Do outro lado da balança estava a bondade mental. De certo modo, eram justamente as falhas de Lawrence que ela amava - ou era para revelar suas falhas que servia o amor dela. Irina jamais esqueceria a primeira vez em que havia notado que o cabelo de seu companheiro estava começando a rarear, nem a ternura penetrante que essa descoberta havia fomentado. Perversamente, ela o amara mais por ter menos cabelo, nem que fosse por ele precisar de um pouquinho mais de amor para compensar qualquer minúsculo acréscimo de beleza objetiva que tivesse perdido.
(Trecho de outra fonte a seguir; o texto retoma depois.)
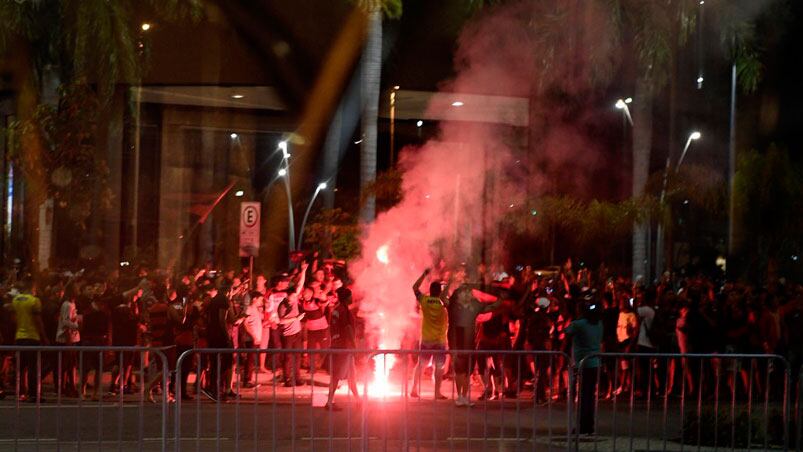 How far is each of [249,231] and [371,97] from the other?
6431 mm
Assim, nessa noite, foi justamente o fato de ele não ser alto - de ter sido, sim, meio chato no jantar, além de desconfiado e, por isso mesmo, menos agradável, para não falar em ríspido, preconceituoso e impaciente, com uma manchinha de mostarda na gola da capa, provavelmente do sanduíche de presunto do almoço -, o próprio fato de ele não fazer os empregados darem pulos, por ser uma grande celebridade, e de não falar com um sotaque cativante do sul de Londres, e de não exibir dedos primorosamente afilados, mas uns cotos curtos e grossos feito a salsicha do café da manhã, foi tudo isso que a fez pender para uma disposição mais terna. Irina cingiu-lhe a cintura com os braços. O abraço com que Lawrence retribuiu foi ferroz."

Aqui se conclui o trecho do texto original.